Inability to Consider Future Input

RNNs are designed to model sequential data
They process data sequentially, one time step at a time
At each step, the network updates its hidden state based on the current input and the previous hidden state
For many tasks, future context is crucial; in NLP, meaning of a word may change depending on words that follow it

Introducing Transformer

"Attention Is All You Need" [Vaswani et. al.] introduced the Transformer architecture

Developed at Google in 2017

Novelty: Eschews recurrence, built on only attention mechanisms

Originally designed for machine translation tasks; excellent performance on English \(\rightarrow\) German and English \(\rightarrow\) French [WMT 2014]
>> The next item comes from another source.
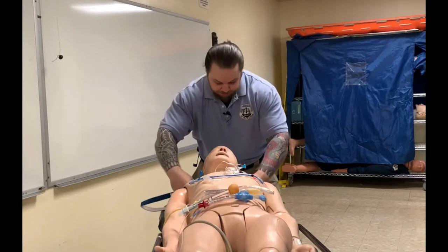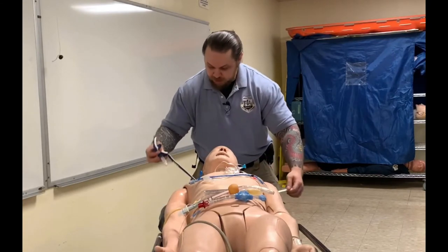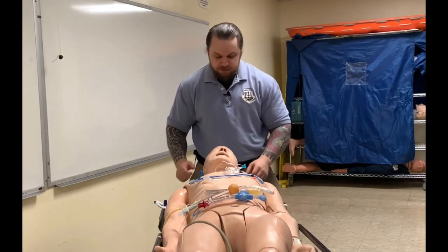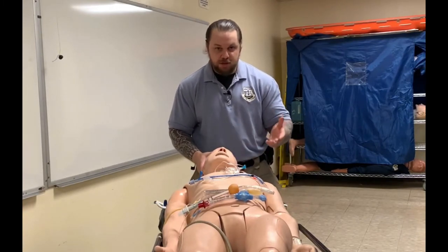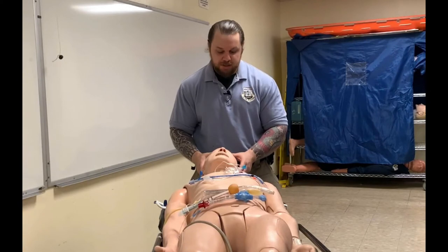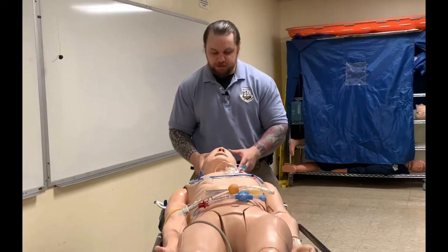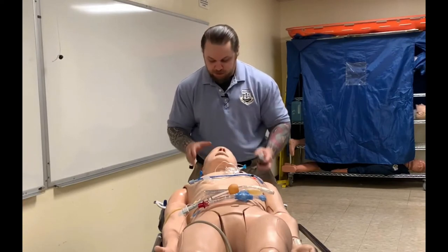Let me show you how to secure it. First, I'll place the device under the patient's head, right under the neck, so I have access to it. The slider clamp is on this side. We'll assume we've already pre-oxygenated the patient, placed them on the monitor, observed their SpO2 and end-tidal CO2, and are now ready for the procedure.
Generalizes well to several other tasks

Architecture Overview

Multi-Head attention is the heart of this model

Input: \( (\text{Sequence}, d_\text{model}) \)

Original architecture comprises encoder and decoder

The decoder block introduces masked multi-head attention

Notably, Transformers are highly parallelizable

Figure 4. The full transfomer model. Image source: "Attention Is All You Need" [Vaswani et. al.]

Task: Text Generation

We demonstrate the working of a Transformer, taking the example of a text generation or next word prediction task. Important terms:

Vocabulary: the set of all possible tokens recognized by the model
Embeddings: the words, represented as vectors
Self-Attention: captures relationships between words in the sentence
Multi-Head Attention: running self-attention several times in parallel

Embeddings

Words are commonly represented as vectors in a high dimensional space to capture their relationships and semantics

Figure 5. Example of word embeddings in a 3-D space. Image source: Baeldung.

Input Embeddings

The sentence is first tokenized. Note: Tokens may not be full words!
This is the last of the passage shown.